Fairness of Exposure in Online Restless Multi-armed Bandits
This addresses fairness issues in online decision-making for real-world applications like resource allocation, though it is incremental as it extends fairness concepts from offline to online settings.
The paper tackles the problem of unfair exposure in online restless multi-armed bandits, where optimal policies often neglect some arms, and proposes the first fair framework that allocates pulls proportionally to arm merit, achieving sublinear fairness regret of O(√(T ln T)) in the single-pull case.

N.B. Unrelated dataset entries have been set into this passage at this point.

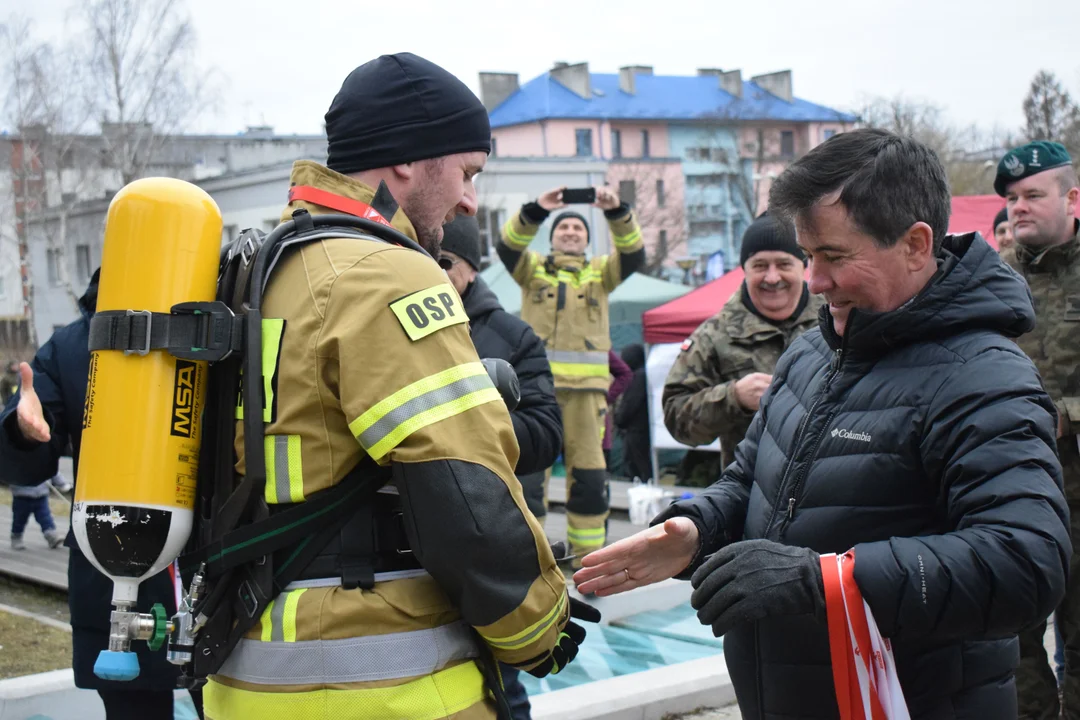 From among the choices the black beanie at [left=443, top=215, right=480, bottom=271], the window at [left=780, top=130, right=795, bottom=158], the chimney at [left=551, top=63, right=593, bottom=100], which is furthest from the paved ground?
the window at [left=780, top=130, right=795, bottom=158]

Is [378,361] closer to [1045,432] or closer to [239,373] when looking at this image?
[239,373]

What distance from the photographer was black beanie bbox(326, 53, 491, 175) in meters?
2.40

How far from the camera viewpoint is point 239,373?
2242mm

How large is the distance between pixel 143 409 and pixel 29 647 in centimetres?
486

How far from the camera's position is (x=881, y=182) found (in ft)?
7.54

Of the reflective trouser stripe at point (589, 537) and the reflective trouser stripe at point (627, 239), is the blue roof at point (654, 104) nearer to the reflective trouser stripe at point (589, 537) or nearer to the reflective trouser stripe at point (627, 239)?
the reflective trouser stripe at point (627, 239)

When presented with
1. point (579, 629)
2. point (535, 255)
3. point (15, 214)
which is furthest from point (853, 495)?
point (15, 214)

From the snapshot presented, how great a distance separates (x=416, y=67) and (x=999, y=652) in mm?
1779

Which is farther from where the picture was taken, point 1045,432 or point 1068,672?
point 1068,672

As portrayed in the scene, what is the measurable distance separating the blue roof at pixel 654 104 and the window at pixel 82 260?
24.8 m

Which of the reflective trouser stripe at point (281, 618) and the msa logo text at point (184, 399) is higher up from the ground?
the msa logo text at point (184, 399)

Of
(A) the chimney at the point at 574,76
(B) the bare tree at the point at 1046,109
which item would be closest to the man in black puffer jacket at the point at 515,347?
(B) the bare tree at the point at 1046,109

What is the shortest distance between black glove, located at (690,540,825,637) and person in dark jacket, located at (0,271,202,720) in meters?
2.20

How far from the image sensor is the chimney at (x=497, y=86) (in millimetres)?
64625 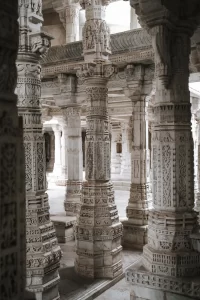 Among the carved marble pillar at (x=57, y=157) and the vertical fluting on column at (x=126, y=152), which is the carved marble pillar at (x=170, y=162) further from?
the carved marble pillar at (x=57, y=157)

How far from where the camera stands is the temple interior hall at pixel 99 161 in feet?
6.05

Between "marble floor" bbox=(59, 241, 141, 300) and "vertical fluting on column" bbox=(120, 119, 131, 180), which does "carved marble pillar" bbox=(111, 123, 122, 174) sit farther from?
"marble floor" bbox=(59, 241, 141, 300)

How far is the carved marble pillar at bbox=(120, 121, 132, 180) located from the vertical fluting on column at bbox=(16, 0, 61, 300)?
12450mm

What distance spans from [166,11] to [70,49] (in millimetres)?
4774

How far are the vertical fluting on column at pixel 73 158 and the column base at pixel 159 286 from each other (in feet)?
17.5

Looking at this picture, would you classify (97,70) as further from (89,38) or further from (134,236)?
(134,236)

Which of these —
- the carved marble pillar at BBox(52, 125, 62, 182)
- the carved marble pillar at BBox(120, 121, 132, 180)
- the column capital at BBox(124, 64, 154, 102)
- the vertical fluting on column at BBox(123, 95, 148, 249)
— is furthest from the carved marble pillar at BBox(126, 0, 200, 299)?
the carved marble pillar at BBox(52, 125, 62, 182)

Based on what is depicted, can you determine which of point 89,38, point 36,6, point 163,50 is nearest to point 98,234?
point 89,38

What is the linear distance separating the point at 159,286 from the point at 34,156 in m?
2.14

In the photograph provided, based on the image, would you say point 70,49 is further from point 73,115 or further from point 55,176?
point 55,176

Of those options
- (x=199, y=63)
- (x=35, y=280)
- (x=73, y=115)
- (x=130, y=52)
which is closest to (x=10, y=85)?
(x=35, y=280)

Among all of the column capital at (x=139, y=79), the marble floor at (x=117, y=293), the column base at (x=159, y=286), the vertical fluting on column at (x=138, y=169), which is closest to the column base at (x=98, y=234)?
the marble floor at (x=117, y=293)

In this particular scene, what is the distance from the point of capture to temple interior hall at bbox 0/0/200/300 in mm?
1845

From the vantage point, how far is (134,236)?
768cm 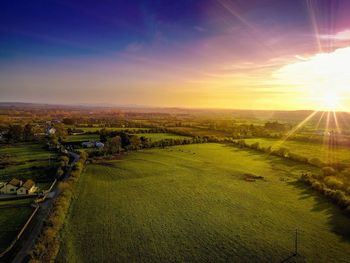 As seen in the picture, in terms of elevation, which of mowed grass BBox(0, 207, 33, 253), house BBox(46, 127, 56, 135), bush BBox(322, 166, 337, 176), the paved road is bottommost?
the paved road

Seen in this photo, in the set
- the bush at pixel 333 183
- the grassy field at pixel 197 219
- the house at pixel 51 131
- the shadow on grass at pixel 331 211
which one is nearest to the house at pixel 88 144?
the house at pixel 51 131

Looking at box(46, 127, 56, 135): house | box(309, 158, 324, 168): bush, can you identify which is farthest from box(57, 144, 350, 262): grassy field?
box(46, 127, 56, 135): house

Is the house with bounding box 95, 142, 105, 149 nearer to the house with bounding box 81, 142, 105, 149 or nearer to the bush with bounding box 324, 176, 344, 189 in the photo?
the house with bounding box 81, 142, 105, 149

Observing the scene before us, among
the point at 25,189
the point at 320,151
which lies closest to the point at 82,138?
the point at 25,189

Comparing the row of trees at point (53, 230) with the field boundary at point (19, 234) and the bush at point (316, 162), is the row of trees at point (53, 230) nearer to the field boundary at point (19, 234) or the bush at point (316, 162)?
the field boundary at point (19, 234)

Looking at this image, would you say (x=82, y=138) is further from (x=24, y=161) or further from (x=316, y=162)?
(x=316, y=162)

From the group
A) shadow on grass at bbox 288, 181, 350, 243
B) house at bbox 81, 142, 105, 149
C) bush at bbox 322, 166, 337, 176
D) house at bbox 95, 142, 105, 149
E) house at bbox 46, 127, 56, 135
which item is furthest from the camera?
house at bbox 46, 127, 56, 135

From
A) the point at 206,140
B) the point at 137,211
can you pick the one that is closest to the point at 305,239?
the point at 137,211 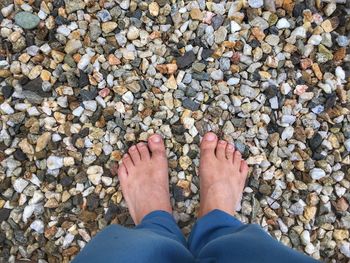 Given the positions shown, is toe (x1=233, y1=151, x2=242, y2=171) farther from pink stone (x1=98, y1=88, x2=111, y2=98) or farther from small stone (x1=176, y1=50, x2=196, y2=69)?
pink stone (x1=98, y1=88, x2=111, y2=98)

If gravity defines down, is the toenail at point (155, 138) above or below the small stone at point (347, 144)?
above

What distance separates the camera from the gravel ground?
145cm

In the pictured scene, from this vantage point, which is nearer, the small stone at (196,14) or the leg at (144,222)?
the leg at (144,222)

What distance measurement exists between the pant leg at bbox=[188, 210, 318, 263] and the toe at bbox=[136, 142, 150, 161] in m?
0.28

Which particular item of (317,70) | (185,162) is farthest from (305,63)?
(185,162)

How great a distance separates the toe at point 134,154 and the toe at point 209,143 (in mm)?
207

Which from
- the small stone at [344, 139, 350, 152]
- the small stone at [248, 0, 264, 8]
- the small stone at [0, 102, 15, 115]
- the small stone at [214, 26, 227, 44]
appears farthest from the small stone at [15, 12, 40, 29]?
the small stone at [344, 139, 350, 152]

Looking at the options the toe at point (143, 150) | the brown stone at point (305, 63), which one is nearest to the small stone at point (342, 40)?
the brown stone at point (305, 63)

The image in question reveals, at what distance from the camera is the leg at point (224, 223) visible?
1.03 meters

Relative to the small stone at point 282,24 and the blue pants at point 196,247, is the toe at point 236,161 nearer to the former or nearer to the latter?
the blue pants at point 196,247

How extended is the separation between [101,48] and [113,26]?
0.26 ft

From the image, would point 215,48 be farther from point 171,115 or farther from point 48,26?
point 48,26

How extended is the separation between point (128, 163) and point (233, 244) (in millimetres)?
518

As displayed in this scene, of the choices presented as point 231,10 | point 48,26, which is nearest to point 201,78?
point 231,10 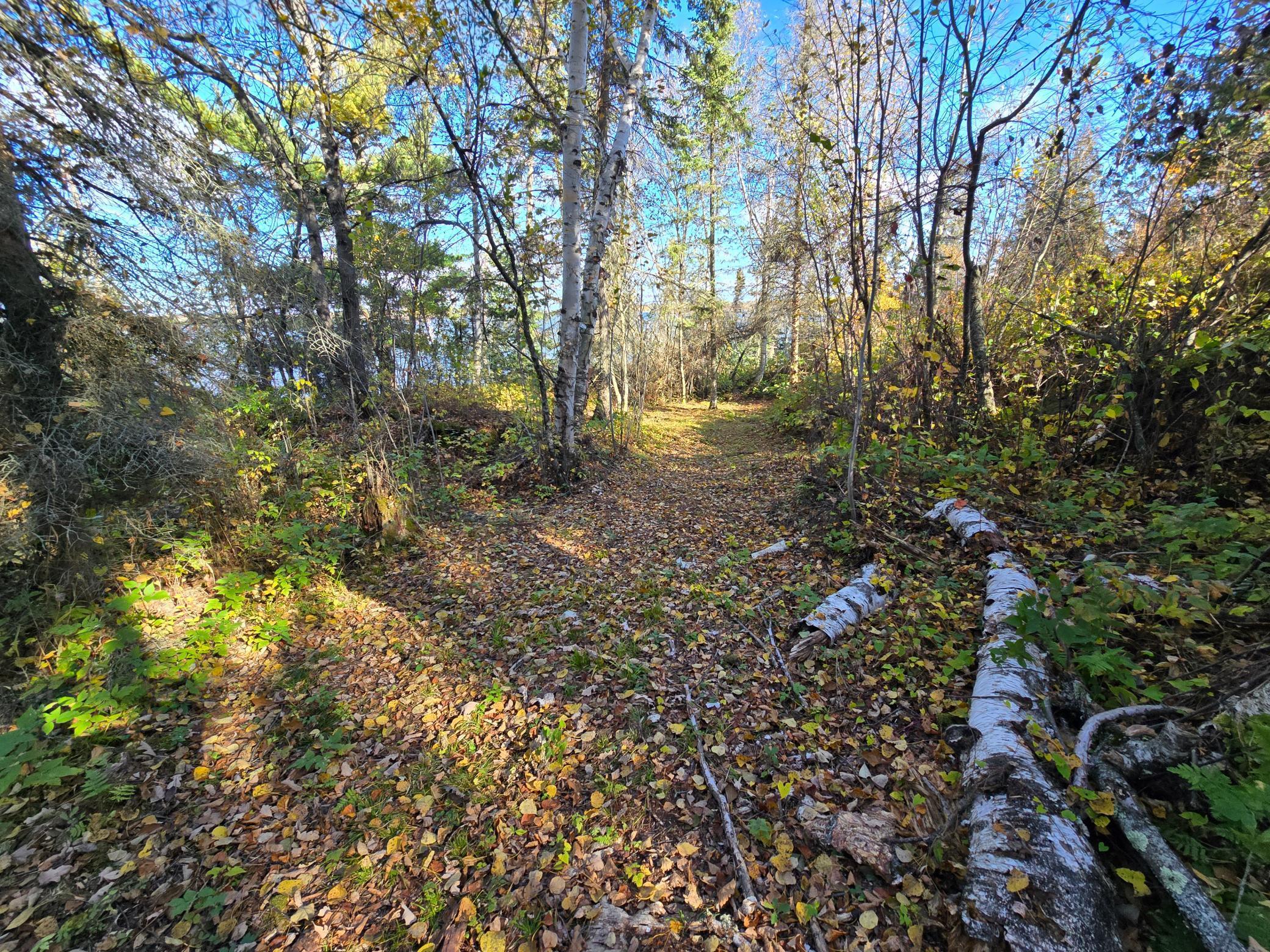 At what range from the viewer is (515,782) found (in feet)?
8.70

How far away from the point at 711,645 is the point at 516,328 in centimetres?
972

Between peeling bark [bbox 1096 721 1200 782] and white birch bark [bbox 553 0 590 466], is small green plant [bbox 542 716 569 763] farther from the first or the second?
white birch bark [bbox 553 0 590 466]

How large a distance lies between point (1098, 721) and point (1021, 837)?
79 centimetres

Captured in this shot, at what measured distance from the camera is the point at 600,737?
2.89 meters

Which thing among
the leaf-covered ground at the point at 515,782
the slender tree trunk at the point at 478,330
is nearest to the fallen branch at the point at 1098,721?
the leaf-covered ground at the point at 515,782

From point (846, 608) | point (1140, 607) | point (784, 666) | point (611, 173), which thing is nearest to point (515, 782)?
point (784, 666)

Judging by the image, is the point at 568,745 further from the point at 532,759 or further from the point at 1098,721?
the point at 1098,721

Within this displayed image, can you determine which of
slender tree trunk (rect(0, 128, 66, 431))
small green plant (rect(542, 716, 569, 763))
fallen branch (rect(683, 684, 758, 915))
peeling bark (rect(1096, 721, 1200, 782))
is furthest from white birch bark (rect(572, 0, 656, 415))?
peeling bark (rect(1096, 721, 1200, 782))

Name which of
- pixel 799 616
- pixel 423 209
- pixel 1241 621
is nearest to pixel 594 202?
pixel 423 209

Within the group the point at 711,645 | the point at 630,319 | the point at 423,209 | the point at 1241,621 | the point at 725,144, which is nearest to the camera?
the point at 1241,621

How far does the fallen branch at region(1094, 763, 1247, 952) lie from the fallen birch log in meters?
1.56

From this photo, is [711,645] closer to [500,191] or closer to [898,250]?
[898,250]

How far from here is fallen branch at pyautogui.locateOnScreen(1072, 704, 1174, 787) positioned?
2.01 metres

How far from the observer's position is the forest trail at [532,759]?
2.07m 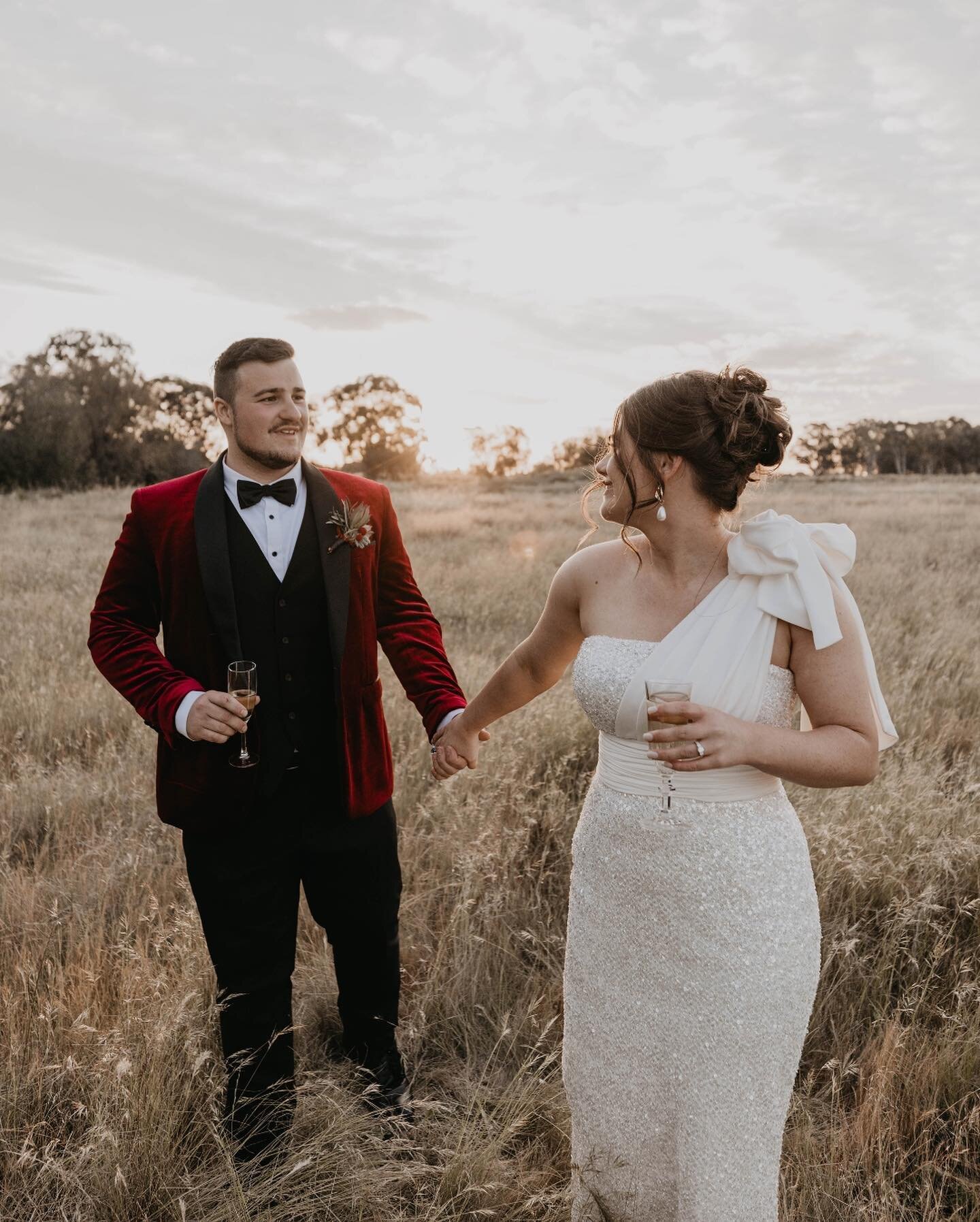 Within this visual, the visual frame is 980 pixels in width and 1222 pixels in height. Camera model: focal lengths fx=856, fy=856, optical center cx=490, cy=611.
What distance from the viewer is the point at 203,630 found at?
2678mm

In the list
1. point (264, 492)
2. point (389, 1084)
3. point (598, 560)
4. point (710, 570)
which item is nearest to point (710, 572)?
point (710, 570)

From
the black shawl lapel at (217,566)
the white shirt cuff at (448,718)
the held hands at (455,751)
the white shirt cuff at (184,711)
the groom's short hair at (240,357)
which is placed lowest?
the held hands at (455,751)

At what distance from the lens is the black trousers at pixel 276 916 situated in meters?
2.71

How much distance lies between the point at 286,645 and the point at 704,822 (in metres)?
1.39

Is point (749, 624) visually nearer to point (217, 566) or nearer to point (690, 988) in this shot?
point (690, 988)

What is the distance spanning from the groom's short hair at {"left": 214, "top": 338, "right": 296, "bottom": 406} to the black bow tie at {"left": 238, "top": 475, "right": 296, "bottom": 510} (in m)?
0.26

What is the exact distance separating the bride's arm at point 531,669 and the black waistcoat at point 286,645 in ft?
1.43

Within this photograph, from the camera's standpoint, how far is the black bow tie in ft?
8.99

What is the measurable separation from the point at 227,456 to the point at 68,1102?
207 cm

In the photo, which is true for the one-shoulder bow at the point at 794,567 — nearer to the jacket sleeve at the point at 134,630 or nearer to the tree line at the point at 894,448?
the jacket sleeve at the point at 134,630

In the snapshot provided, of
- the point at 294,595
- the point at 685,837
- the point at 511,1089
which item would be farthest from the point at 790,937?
the point at 294,595

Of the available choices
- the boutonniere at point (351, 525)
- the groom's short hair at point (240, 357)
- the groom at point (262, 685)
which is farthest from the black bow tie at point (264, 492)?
the groom's short hair at point (240, 357)

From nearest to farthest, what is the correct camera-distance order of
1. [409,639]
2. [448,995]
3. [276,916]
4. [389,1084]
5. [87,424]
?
[276,916] < [389,1084] < [409,639] < [448,995] < [87,424]

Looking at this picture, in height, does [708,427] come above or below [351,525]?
above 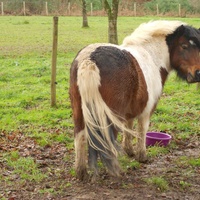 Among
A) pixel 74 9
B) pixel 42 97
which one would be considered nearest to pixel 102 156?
pixel 42 97

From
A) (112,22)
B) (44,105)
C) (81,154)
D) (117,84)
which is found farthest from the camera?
(112,22)

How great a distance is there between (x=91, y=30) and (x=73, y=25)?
2.80 m

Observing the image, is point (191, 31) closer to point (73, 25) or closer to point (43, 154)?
point (43, 154)

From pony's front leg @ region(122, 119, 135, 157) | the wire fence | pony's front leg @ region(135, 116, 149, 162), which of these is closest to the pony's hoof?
pony's front leg @ region(135, 116, 149, 162)

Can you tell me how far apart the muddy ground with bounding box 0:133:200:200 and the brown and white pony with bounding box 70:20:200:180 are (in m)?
0.25

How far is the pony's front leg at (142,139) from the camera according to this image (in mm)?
5159

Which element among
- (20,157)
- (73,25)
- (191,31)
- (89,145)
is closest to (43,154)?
(20,157)

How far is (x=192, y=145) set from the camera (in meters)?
6.12

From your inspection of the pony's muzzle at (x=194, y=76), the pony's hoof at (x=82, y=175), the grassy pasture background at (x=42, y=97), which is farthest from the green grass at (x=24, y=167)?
the pony's muzzle at (x=194, y=76)

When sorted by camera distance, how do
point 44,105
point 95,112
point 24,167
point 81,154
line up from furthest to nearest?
point 44,105
point 24,167
point 81,154
point 95,112

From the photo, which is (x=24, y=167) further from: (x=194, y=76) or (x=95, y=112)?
(x=194, y=76)

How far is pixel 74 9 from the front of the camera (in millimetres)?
33625

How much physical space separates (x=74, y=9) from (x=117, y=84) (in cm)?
3059

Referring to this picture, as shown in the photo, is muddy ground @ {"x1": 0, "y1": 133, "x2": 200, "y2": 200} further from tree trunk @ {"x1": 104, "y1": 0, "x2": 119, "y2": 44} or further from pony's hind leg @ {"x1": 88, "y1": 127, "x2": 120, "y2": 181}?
tree trunk @ {"x1": 104, "y1": 0, "x2": 119, "y2": 44} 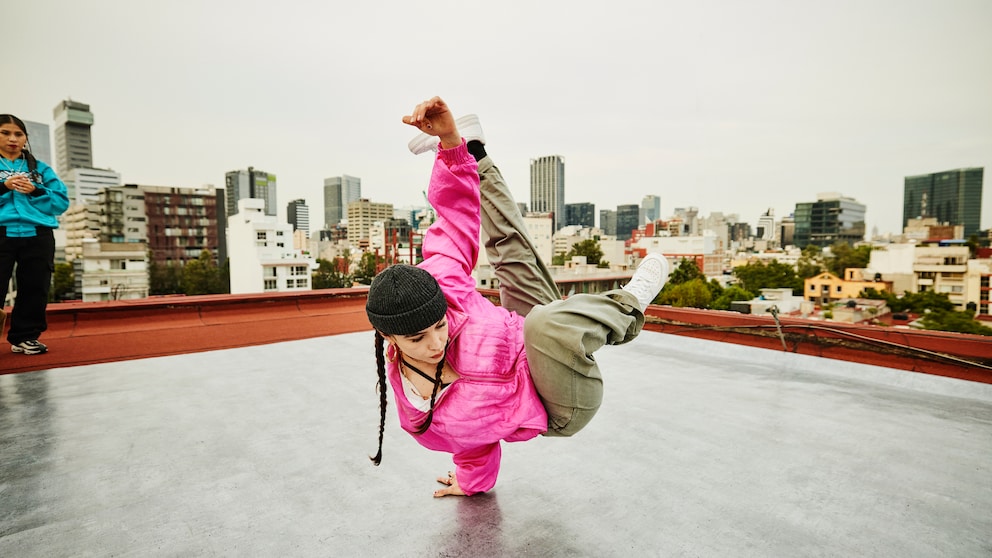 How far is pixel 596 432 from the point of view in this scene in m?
1.70

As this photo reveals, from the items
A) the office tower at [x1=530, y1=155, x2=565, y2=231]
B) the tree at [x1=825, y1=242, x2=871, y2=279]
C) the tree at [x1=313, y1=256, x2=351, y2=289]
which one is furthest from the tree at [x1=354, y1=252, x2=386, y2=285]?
the office tower at [x1=530, y1=155, x2=565, y2=231]

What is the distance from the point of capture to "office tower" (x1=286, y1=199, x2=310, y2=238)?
247 ft

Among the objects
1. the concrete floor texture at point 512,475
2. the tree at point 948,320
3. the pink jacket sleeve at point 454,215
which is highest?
the pink jacket sleeve at point 454,215

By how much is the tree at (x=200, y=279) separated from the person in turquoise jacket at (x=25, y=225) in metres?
→ 37.4

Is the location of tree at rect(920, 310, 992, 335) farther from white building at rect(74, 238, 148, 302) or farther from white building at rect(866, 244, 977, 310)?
white building at rect(74, 238, 148, 302)

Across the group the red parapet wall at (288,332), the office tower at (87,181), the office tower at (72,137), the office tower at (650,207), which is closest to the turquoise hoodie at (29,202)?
the red parapet wall at (288,332)

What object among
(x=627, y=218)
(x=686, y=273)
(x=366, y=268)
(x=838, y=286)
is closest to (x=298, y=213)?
(x=366, y=268)

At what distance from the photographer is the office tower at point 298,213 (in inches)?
2970

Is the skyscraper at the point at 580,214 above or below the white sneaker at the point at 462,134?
above

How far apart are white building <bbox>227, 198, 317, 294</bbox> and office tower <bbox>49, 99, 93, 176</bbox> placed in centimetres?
7367

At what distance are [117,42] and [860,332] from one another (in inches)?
547

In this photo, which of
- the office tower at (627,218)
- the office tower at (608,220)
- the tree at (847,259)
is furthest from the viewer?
the office tower at (608,220)

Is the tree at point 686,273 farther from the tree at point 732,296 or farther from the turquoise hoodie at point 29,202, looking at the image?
the turquoise hoodie at point 29,202

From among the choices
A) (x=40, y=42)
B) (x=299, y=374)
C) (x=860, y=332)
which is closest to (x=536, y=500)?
(x=299, y=374) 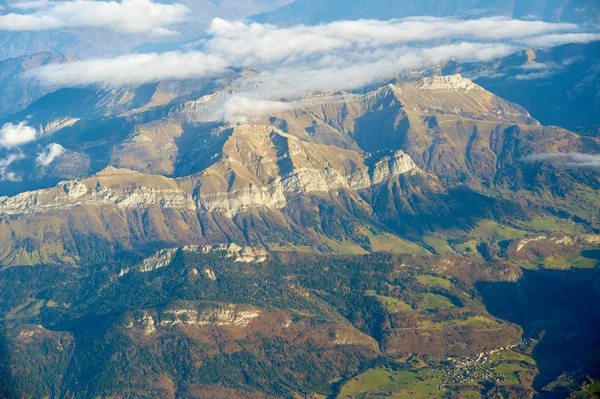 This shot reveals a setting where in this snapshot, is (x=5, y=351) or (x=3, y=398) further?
(x=5, y=351)

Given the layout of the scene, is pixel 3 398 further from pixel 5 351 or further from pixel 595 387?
pixel 595 387

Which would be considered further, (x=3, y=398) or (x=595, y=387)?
(x=595, y=387)

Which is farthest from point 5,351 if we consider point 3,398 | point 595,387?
point 595,387

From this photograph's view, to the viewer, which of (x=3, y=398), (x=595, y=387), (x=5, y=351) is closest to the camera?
(x=3, y=398)

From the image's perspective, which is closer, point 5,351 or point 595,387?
point 595,387

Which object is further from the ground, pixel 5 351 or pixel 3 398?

Restless multi-armed bandits (RMABs) generalize the multi-armed bandits where each arm exhibits Markovian behavior and transitions according to their transition dynamics. Solutions to RMAB exist for both offline and online cases. However, they do not consider the distribution of pulls among the arms. Studies have shown that optimal policies lead to unfairness, where some arms are not exposed enough. Existing works in fairness in RMABs focus heavily on the offline case, which diminishes their application in real-world scenarios where the environment is largely unknown. In the online scenario, we propose the first fair RMAB framework, where each arm receives pulls in proportion to its merit. We define the merit of an arm as a function of its stationary reward distribution. We prove that our algorithm achieves sublinear fairness regret in the single pull case $O(\sqrt{T\ln T})$, with $T$ being the total number of episodes. Empirically, we show that our algorithm performs well in the multi-pull scenario as well.